Before You Buy a Bike continued...
You can also look in the classified ads or ask local retailers about used and reconditioned bikes. Talk to friends as well, says Calabrese.
Can you convert your outdoor bike? If you already have an outdoor bike, says Calabrese, consider buying a cycle trainer or set of rollers. Trainers essentially let you convert an outdoor bike into a stationary one by elevating and mounting the back wheel and removing the front wheel. Rollers are for more experienced riders because you have to balance your back wheel on them to ride. Both are easy to store when not being used.
Should you go recumbent? Recumbent bikes, which became popular about a decade ago, tend to be favored by seniors or those needing a rehabilitation tool. "They're comfortable and non-impact," says Calabrese.
But don't mistake that for easier, she warns. "When you're upright, you've got weight and gravity on your side. When you're lying back (recumbent), you have to do almost more work to turn the crank."

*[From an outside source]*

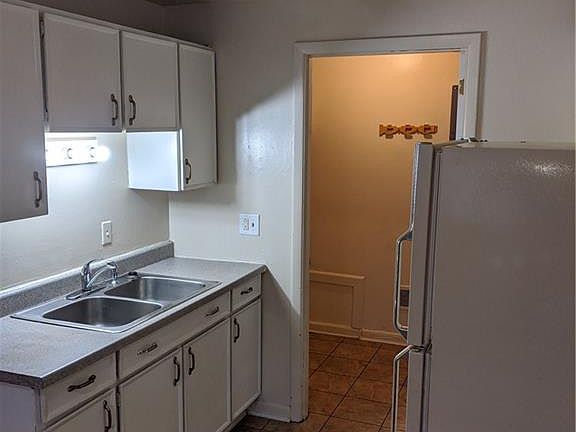 4th image of 24 Kinnard Ave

Whatever bike you choose; make sure you feel comfortable with it. Try it out in the store, with the shoes you'll be wearing. And ride for more than a few seconds to make sure it stays comfortable. You may even ask the retailer for a trial period to test the bike in your own environment.
The nice thing about having a stationary bike at home, says Magee, is the convenience and freedom. She loves to hop on her bike to watch the 30-minute sitcom Will & Grace. She tries to get through the entire show, commercials and all, before getting off.
"I've literally done (my workout) with my nightie on sometimes," says Magee.
Calabrese is not opposed to the idea of watching television or reading a magazine for distraction, though she concedes your workout may not be as intense. "The research on reading or watching television while cycling shows that the intensity tends to be lower," she says, "but people tend to work out longer."
Watching I Love Lucy reruns isn't the only way to motivate yourself, says Calabrese. She suggests:
- Finding a partner -- a friend, spouse or significant other -- to exercise with. This will give you accountability and help you stick with a routine.
- Journaling. Write down your workouts a month in advance, or at least a week ahead, says Calabrese. If you have to miss one, reschedule it immediately.
- Having a purpose to every workout. "One day could be strength, another recovery, another speed," she says. "Use different programs if the bike has them." Or integrate 10 to 15 minutes on the bike with some strength training, she says. Use the bike as your warm-up and cool down on a strength-training day, and before you know it, you've gotten in 10 minutes on the bike on an off day.
- A change of scenery. Though it might be 40 degrees and raining outside, you can be transported to the South of France with the click of a button. You can buy cycling videos that offer beginner to advanced rides with scenery and a variety of challenges you can see right in front of you, says Calabrese. Collage Video offers these videos through its catalog and Web site.